Liegt ein Problem vor mir, bleibe ich ruhig, um das Problem zu lösen. Wird daraus Stress, bin ich schon zu weit gegangen.
In Peru ist euer Fotograf Mika schwer gestürzt, du hast den regungslos schlitternden Körper gerade noch stoppen können. Ihr musstet euren Freund mit Kopfverletzungen, gebrochenen Wirbeln und Knochen ins Tal bringen. Wie hast du das erlebt?
Dieser Tag hat einiges in mir verändert. Natürlich weißt du, dass solche Dinge passieren können. Aber erst wenn es geschieht, realisiert du, was es bedeutet. Wir sind um 3 Uhr früh aufgestanden und 12 Stunden bis zum Gipfel geklettert. Alle waren erschöpft. Plötzlich siehst du deinen Kameraden den Hang hinabstürzen, bis du ihn in einer Höhe von 5200 Metern in einem Steilhang aufhältst. Wir konnten keine Hilfe rufen. Im Himalaya ist die Bergrettung organisiert, in Peru treibst du so schnell keinen Helikopter auf. Es war für das ganze Team mental wie physisch extrem anstrengend. Wir waren weitere 15 Stunden unterwegs, um Mika in Sicherheit zu bringen.
Was hat es in dir verändert?
Schwer zu beschreiben. Es fühlt sich an, als hätte ich die Lebenserfahrung eines ganzen Jahrzehnts an einem einzigen Tag im Schnelldurchlauf gemacht.
Welche weiteren Erfahrungen hast du mit nach Hause gebracht?
Der Artesonraju in den Anden war mein erster 6000er. Ich habe Neuland betreten und konnte erleben, wie ich auf die Bedingungen in dieser Höhe reagiere. Das ist purer Luxus, für mich sind Erfahrungen von unschätzbar großem Wert.
Welche Erfahrung war die schönste?
Das Reisen in Pakistan. Bei uns wird das Land sehr negativ dargestellt, man liest von Terrorismus und Konflikten. Als wir in Istanbul in den Flieger nach Islamabad gestiegen sind, war ich besorgt, was mich erwarten würde. Und dann war alles ganz anders! In der Schweiz laufen Menschen an dir vorüber, ohne dich anzusehen. In Pakistan hatten wir so offene, authentische Begegnungen. Die Menschen in den Bergen produzieren nur, was sie wirklich brauchen. Dabei wirken sie auf natürliche Weise glücklich. Wir reden gerne davon, wie hoch entwickelt wir in Europa sind. Plötzlich wird dir vor Augen geführt, dass wir einfach nur durch unser Leben hetzen.

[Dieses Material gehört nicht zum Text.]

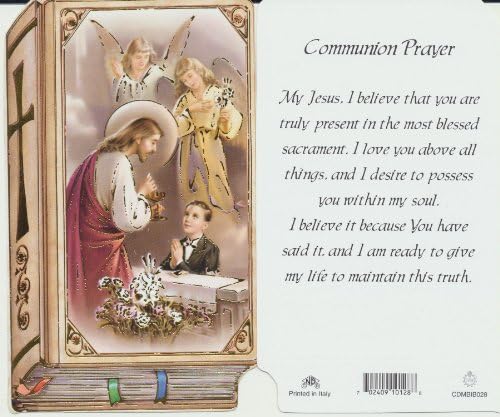 First Communion for Boy Holy Prayer Card Bible-Shaped Chromo NB with He Lives Cross Bookmark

In eurem Film sind die Worte zu hören, es gehe darum, das eigene Leben „mit Bedeutung“ auszustatten. Was ist die Bedeutung deines Lebens?
Dafür zu trainieren, immer wieder neue Abenteuer in den Bergen zu erleben. Ich kann mich glücklich schätzen, mich durch das Skifahren ausdrücken zu können. Nicht jedem ist vergönnt, genau das zu tun, was er tun möchte. Das ist in unserer modernen Welt auch gar nicht so leicht. Aber man sollte es versuchen. Zu tun, was man will – ist die einfache Botschaft. Hört sich simpel an. Aber in meinen Augen bedeutet es alles.
Wir reden gerne davon, wie hoch entwickelt wir in Europa sind. Plötzlich wird dir vor Augen geführt, dass wir einfach nur durch unser Leben hetzen.